Esto no implica que en las décadas siguientes no hayamos tenido films que mantengan vivo el estereotipo de héroe de acción, pero cada vez más se pueden ver obras protagonizadas por personajes que se asemejan un poco más a una persona real, con problemas, con emociones, con la necesidad de recurrir a otras personas para poder cerrar sus aventuras. El modelo rebosante de testosterona parece haber tocado el techo en El Club de la Pelea, y tanto el director como el escritor de la novela se encargaron de hacernos ver que ellos no son ningún modelo a seguir, valga la redundancia.
El mensaje anti-sistema es atractivo, pero ineficaz porque, al final del día, quienes enarbolan aquel estandarte en el film terminan siendo parte de un culto terrorista. En la actualidad es normal ver en las redes sociales posteos de todo tipo haciendo referencia a estos postulados anti-capitalistas, pero estos mensajes se lanzan desde aplicaciones que han depositado miles de millones de dólares en los bolsillos de sus creadores, pocos abandonan sus trabajos para irse a vivir a casas abandonadas e ir en contra del sistema, y el consumismo no sólo no frenó su avanzada sino que sigue creciendo de forma agigantada, día a día, y encontró en Internet formas de reproducir sus publicidades de forma más eficiente, con blancos etarios y culturales bien definidos gracias a algoritmos cada vez más sofisticados.

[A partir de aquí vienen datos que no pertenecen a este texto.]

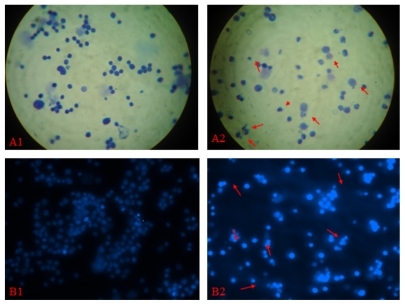 Figure 1 The result of the micronucleus test of magnetic nanoparticles Fe3O4- MNPs/DNR.Notes: A1) normal bone marrow of mice observed by optical microscope (Giemsa staining, 10 × 100); B1) normal bone marrow of mice observed by optical microscope (DAPI staining, 10 × 100); A2) formation of micronucleus observed through fluorescence microscope (Giemsa staining, 10 × 100); B2) formation of micronucleus observed through fluorescence microscope (DAPI staining, 10 × 100) (Formation of micronucleus are indicated by “→”).Abbreviations: Fe3O4-MNPs, magnetic Fe3O4 nanoparticles; DNR, daunorubicin; DAPI, 4,6-diamidino-2-phenylindole.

Si El Club de la Pelea hubiera sido concebida en pleno siglo XXI, probablemente el blanco de sus ataques no serían entidades bancarias, cadenas de cafés y políticos, sino también empresas de Silicon Valley e influencers que trabajan con grandes marcas para venderle a sus seguidores aquella sensación de confort a través de objetos caros y, al fin, triviales, creando necesidades que antes no teníamos. El Narrador hoy no miraría catálogos impresos que le llegan por correo, compraría los muebles que tiene el Influencer de moda.
El Club de la Pelea es uno de esos largometrajes que, más de dos décadas después, se sigue viendo con gracia y sigue despertando debate entre aquellos que la descubren. Todos los días, por ejemplo, se suben reseñas a YouTube en donde se analizan todos los aspectos del film, en donde se discuten los “mensajes” que tiene la película. Esta nota es otro pequeño ejemplo de este fenómeno. David Fincher consiguió crear una obra de arte imperecedera, que interpela al espectador abriendo frentes de ataque de todo tipo. Desde confrontaciones más obvias con la moral de quien observa, hasta preguntas más profundas, escondidas entre la violencia, los diálogos ácidos, picantes, y la sed de destrucción creciente de los personajes.
Si no viste El Club de la Pelea, está esperándote en el inmenso catálogo de Netflix.